- [Data extract]

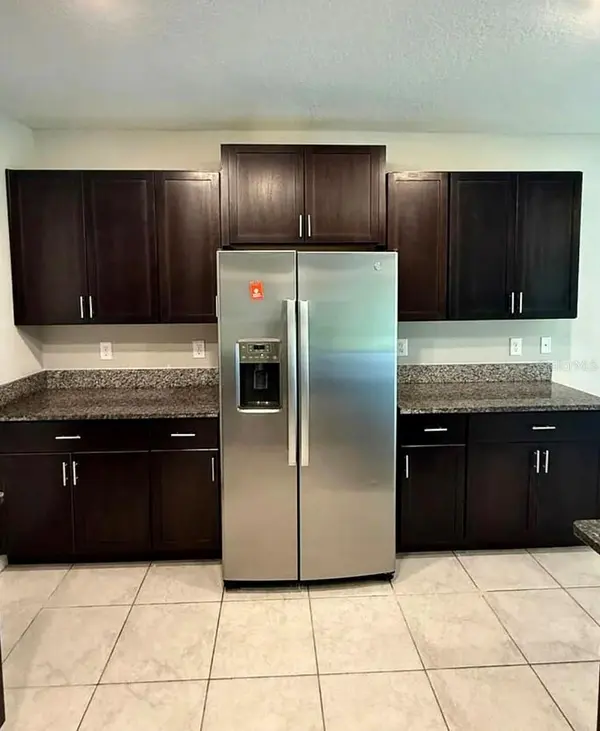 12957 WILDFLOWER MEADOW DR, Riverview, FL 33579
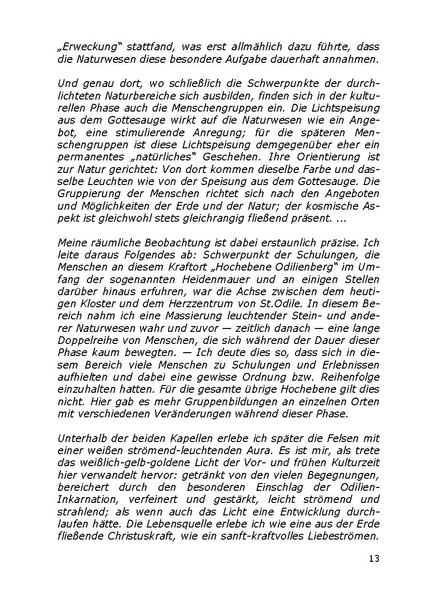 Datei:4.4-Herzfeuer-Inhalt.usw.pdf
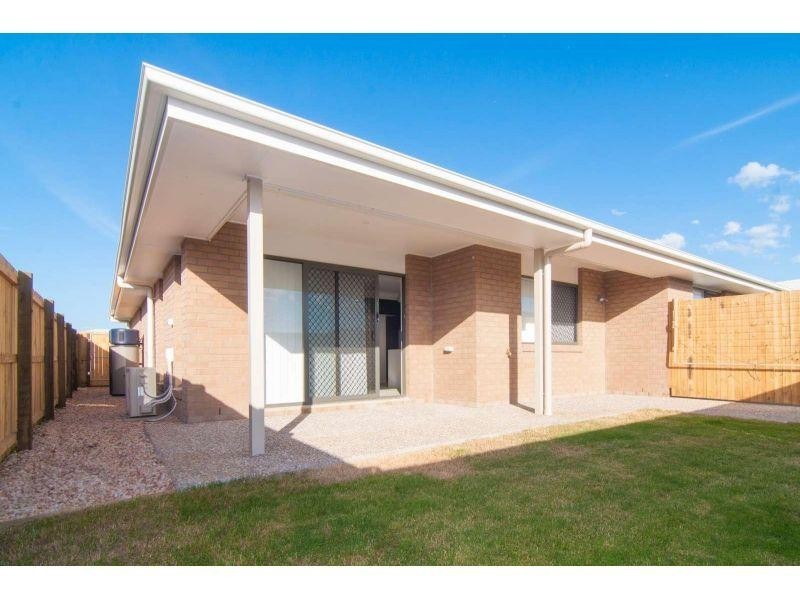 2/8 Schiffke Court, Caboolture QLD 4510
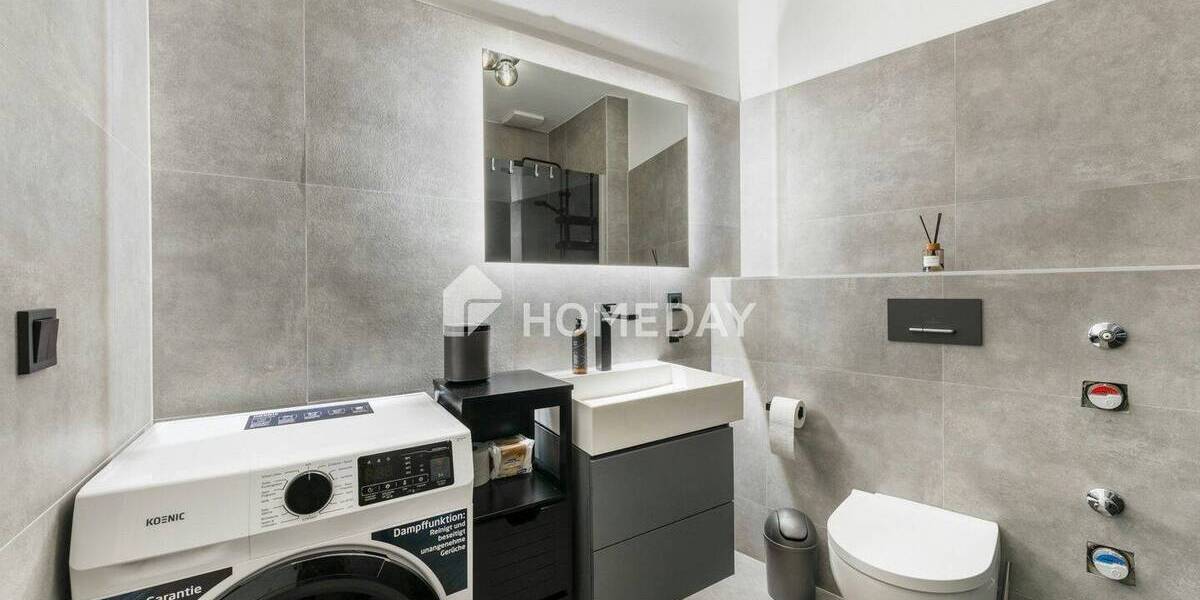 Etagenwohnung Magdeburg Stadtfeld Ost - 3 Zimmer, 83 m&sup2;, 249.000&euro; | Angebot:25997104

- [Exercise details] Return only the lines from the one that contains "2/8 Schiffke Court, Caboolture QLD 4510" through the closing line of the data, inclusive, reproduced exactly and with every picture left out.

- [Reply]
 2/8 Schiffke Court, Caboolture QLD 4510
 Etagenwohnung Magdeburg Stadtfeld Ost - 3 Zimmer, 83 m&sup2;, 249.000&euro; | Angebot:25997104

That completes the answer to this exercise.